"Karmelowa skóra twoja, porysował czas ramiona"
- fragment piosenki Karmelove, Marcelina&Piotr Rogucki
Efekt spalania cukru z dodatkiem masła, wody, mleka i kremowej śmietanki. To brzmi kusząco. A gdy te w składniki zostaną połączone i z czasem zredukowane otrzymamy gładki sos karmelowy. Jego zastosowania można mnożyć. Ciasto banofee pie lub jego szybka wersja w postaci skruszonych herbatników, wkrojonych bananów, solidną łyżka jogurtu greckiego polaną sosem karmelowym. Można dodać go jako słodkie otulenie dla lodów waniliowych. Albo czekoladowych muffinek kryjących w sobie karmelowe nadzienie.

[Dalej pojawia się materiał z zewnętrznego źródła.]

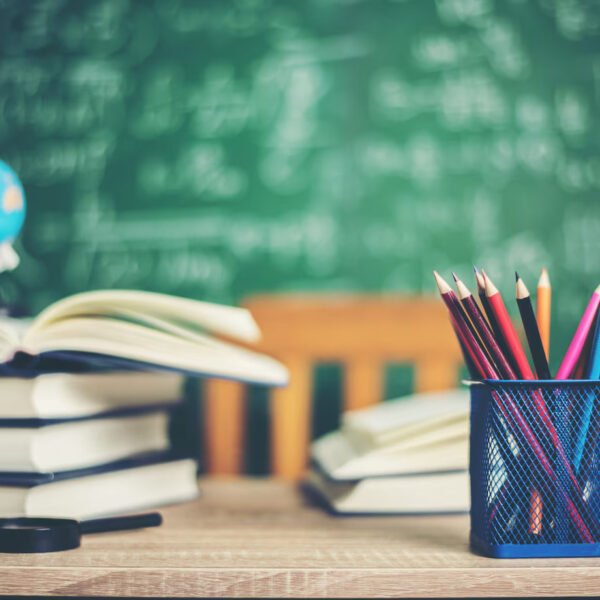 WSE case study banner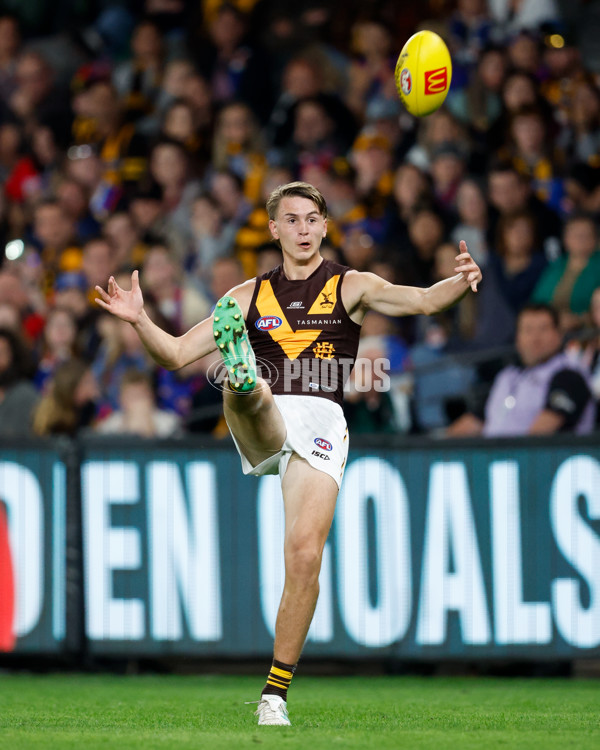 AFL 2024 Round 08 - Western Bulldogs v Hawthorn - A-48767632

Do karmelowych działań zainspirowała mnie
Ania, która miała ostatni numer magazynu
"Kuchnia". (Ten z okładką na której widnieje brutalnie wyciskana pomarańcza i wypływające z niej ostatnie krople soku.) Zrobienie karmelu pomogło zrealizować sylwestrowy deser. Przyznam, że było warto. Od dawna chciałam zrobić sos karmelowy nucąc pod nosem piosenkę
"Karmelove". Tym razem się udało.
Sos karmelowy jasny
(inspiracją była ostatni numer magazynu Kuchnia)
220 g cukru
60 ml wody
80 ml śmietanki 30 %
20 g masła
60 ml mleka
Cukier wysypujemy na patelnię zalewamy wodą i stawiamy na średnim palniku kuchenki. Cukier z czasem ma się rozpuścić na patelni i zacząć lekko brązowieć. Nie przyspieszajmy tego procesu mieszając łyżką ani zwiększając ogień. Gdy cukier zacznie się lekko złocić dodajemy masło, mleko oraz śmietankę. Zwilżoną wodą silikonową łopatką mieszamy, aby cukier nie osiadał za bardzo na brzegach patelni. Delikatnie mieszamy i gotujemy do momentu, aż sos zacznie gęstnieć. Proces może wydawać się długi, ale wart jest czekania.
Uwaga! Podczas przygotowywania karmelu nie liżmy łyżki. Temperatura cukru może sięgać nawet 200 st.Celsjusza i łatwo o oparzenia języka.